**PROBLEM TO WORK ON:** Print the whole listing again exactly as it stands, leaving out any images.

*** SOURCE DATA

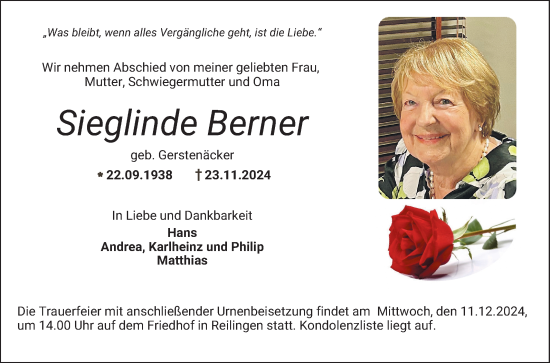 Traueranzeige von Sieglinde Berner von Mannheimer Morgen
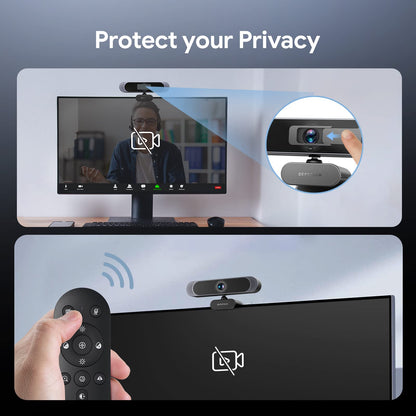 DEPSTECH 4K Webcam, Ultra HD 1/2.55'' Sony Sensor, 3x Digital Zoom, Dual Noise-Canceling Microphones, Remote Control, Auto Focus, Streaming Camera Webcam for PC, Laptop, Video Call, Zoom, Skype, Teams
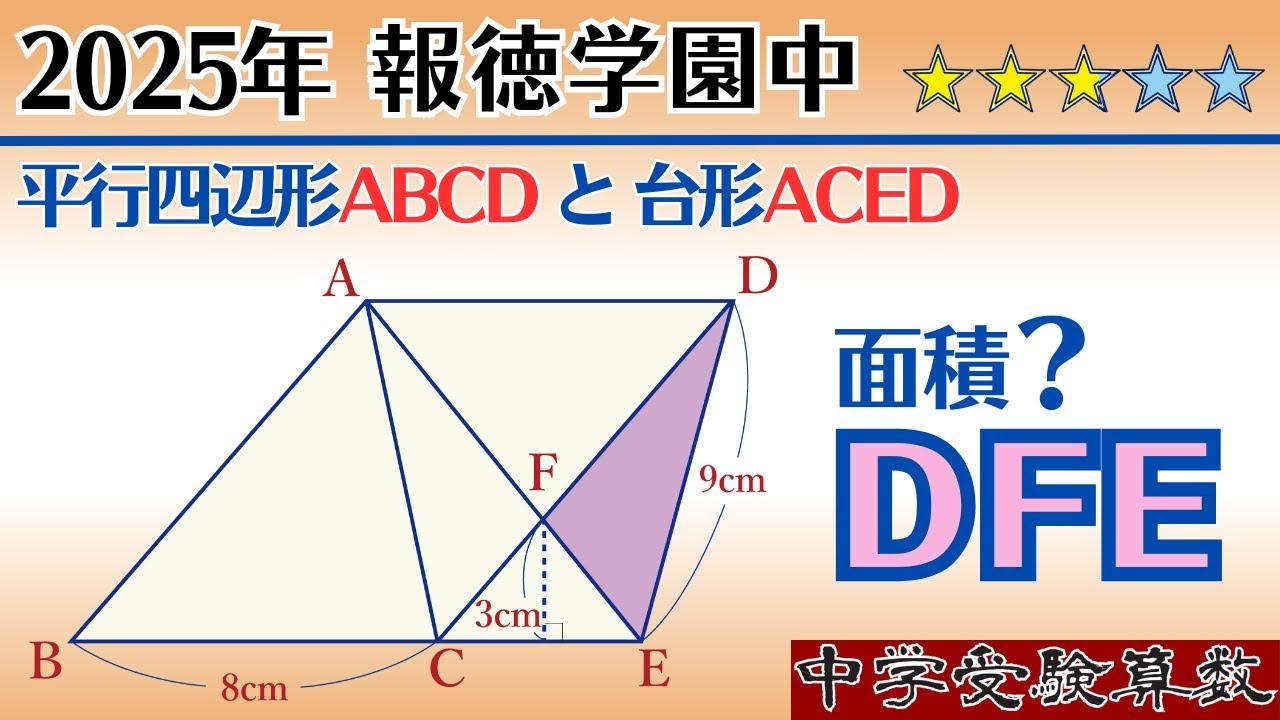 Junior High School Entrance Exam Math I] Area of ​​Plane Figures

******

**RESULT:**
 Traueranzeige von Sieglinde Berner von Mannheimer Morgen
 DEPSTECH 4K Webcam, Ultra HD 1/2.55'' Sony Sensor, 3x Digital Zoom, Dual Noise-Canceling Microphones, Remote Control, Auto Focus, Streaming Camera Webcam for PC, Laptop, Video Call, Zoom, Skype, Teams
 Junior High School Entrance Exam Math I] Area of ​​Plane Figures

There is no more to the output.